Depuis cette nuit-là, Brad Smith a tenté de reprendre une fois le train, en se disant que "c’était comme lorsqu’on tombe d’un cheval, il faut essayer de remonter en selle rapidement". Mais en réalité, cela s'est très mal passé: arrivé à Essert-sous-Champvent, le lieu où a eu lieu la prise d’otages, la panique s’est emparée de lui. "J’ai hyperventilé, tapé contre les portes pour sortir et j’ai même forcé le train à s’arrêter, car il fallait que je sorte", explique-t-il.
J'ai essayé de reprendre le train. (...) Arrivé à Essert-sous-Champvent, j’ai hyperventilé, tapé contre les portes, j’ai même forcé le train à s’arrêter
Brad Smith n'a pas de permis de conduire pour se déplacer et se rendre au travail, ses proches sont donc obligés de le véhiculer. Pour aller mieux, pour ancrer cet épisode dans la réalité, il n'hésite pas à en parler, notamment aux journalistes qui le sollicitent. Mais apparemment, une dissociation s’est créée. "Etrangement, plus j’en parle, moins ça va", confie-t-il.
Retour sur les minutes d'angoisse
Lors de la prise d’otages, Brad Smith n'a ressenti le danger que progressivement: "Il m'a fallu attendre une petite demi-heure". C'est au moment où le preneur d'otages expose ses motivations en menaçant tout le monde qu'il comprend qu'il n'est "pas dans un film, mais bien dans une prise d’otages" et qu'ils sont tous "en danger".
En réalité, l’assaillant tentait de dialoguer avec les autres passagers, mais son anglais était "extrêmement médiocre", au point qu’il ne formulait pas de phrases cohérentes, explique Brad Smith. Fort de son expérience en pédagogie, il rassemble son courage pour établir un dialogue. Il se lève, s'approche de lui les mains en l'air. "J'étais encore plus terrifié, je me demandais si cela lui plairait. Il était armé, dangereux et je n’avais aucune idée de sa réaction", se souvient-il. A partir de ce moment-là, ils ont pu communiquer.
Il nous a dit en face: 'Je vais devoir vous tuer'
La panique s'installe
L'assaillant pointait souvent sa hache en direction de leurs visages. Il leur a confié qu’il était désolé, mais que pour lui, c’était une solution comme une autre. Malheureusement, si la police n’effectue pas ce que je demande, "je vais devoir vous tuer", leur a-t-il même dit en face.
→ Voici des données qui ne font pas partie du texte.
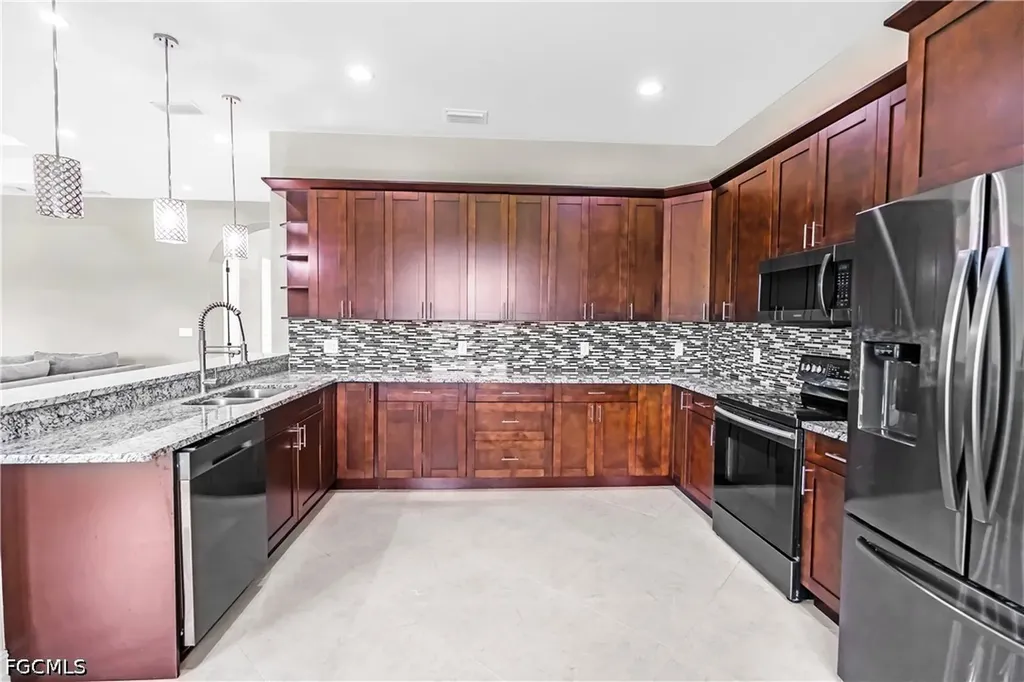 1105 James Avenue Lehigh Acres FL 33936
La panique s’installe et il prend à coeur de rassurer les autres otages. Mais la tension monte d'un cran lorsque l’assaillant annonce à la police qu’il fixe un ultimatum: "S'il n’obtient pas ce qu’il veut, il commencera à tous nous tuer, l'un après l'autre."
Pour Brad Smith, l'intervention de la police, marquée par des explosions, est un véritable soulagement. Alors que d'autres passagers se mettent à paniquer: "Il y a eu des cris, des crises de nerfs."
"Bizarrement, dès que je suis sorti du train, tout est devenu irréel pour moi. J’avais tellement ancré ma peur et mes émotions dans ce train que dehors je ne réalisais plus rien. Je ne savais même plus avec qui j’étais. Je continuais à veiller sur mes compagnons pris en otage, je me sentais investi d’une mission de protection envers eux. Mon esprit était resté dans le train", conclut Brad Smith, avouant avoir gardé un lien avec les autres otages même s'ils ne se sont pas vraiment revus.